= Task directions =
The data must be given again exactly as written, with all images omitted.

= Collected data =
____________

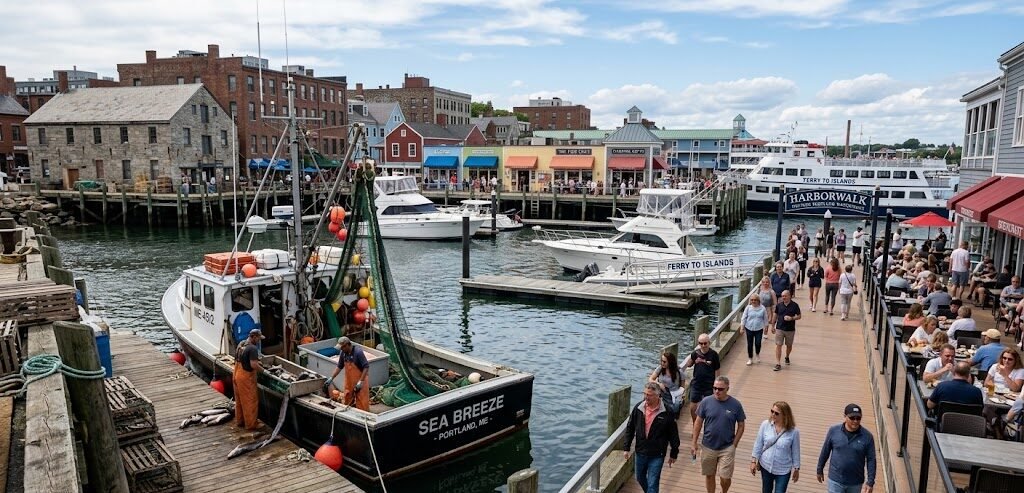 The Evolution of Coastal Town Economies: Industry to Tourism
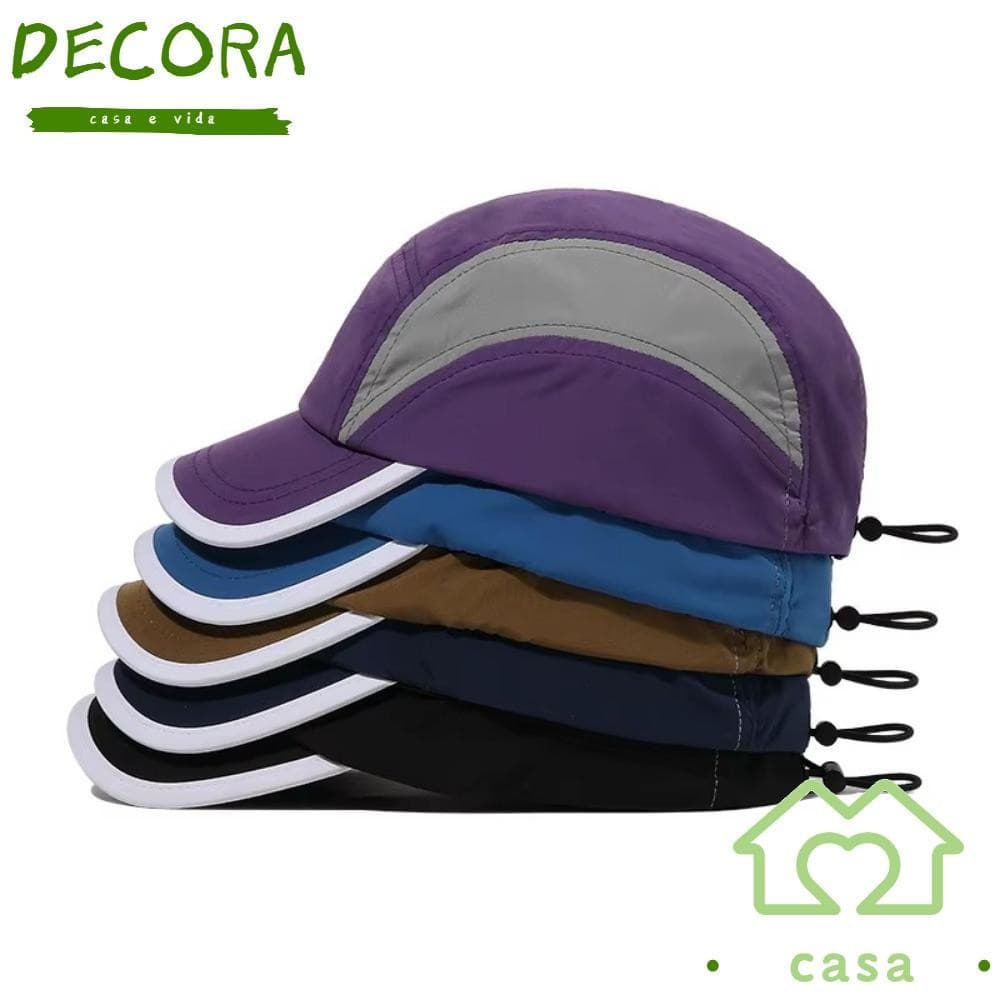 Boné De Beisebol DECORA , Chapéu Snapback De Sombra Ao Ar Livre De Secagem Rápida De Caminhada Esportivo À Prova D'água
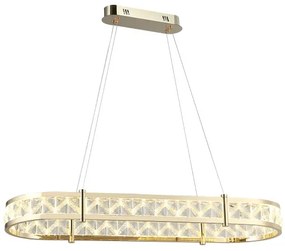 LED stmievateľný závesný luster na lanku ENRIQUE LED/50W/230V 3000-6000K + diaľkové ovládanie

____________

= Output =
 The Evolution of Coastal Town Economies: Industry to Tourism
 Boné De Beisebol DECORA , Chapéu Snapback De Sombra Ao Ar Livre De Secagem Rápida De Caminhada Esportivo À Prova D'água
 LED stmievateľný závesný luster na lanku ENRIQUE LED/50W/230V 3000-6000K + diaľkové ovládanie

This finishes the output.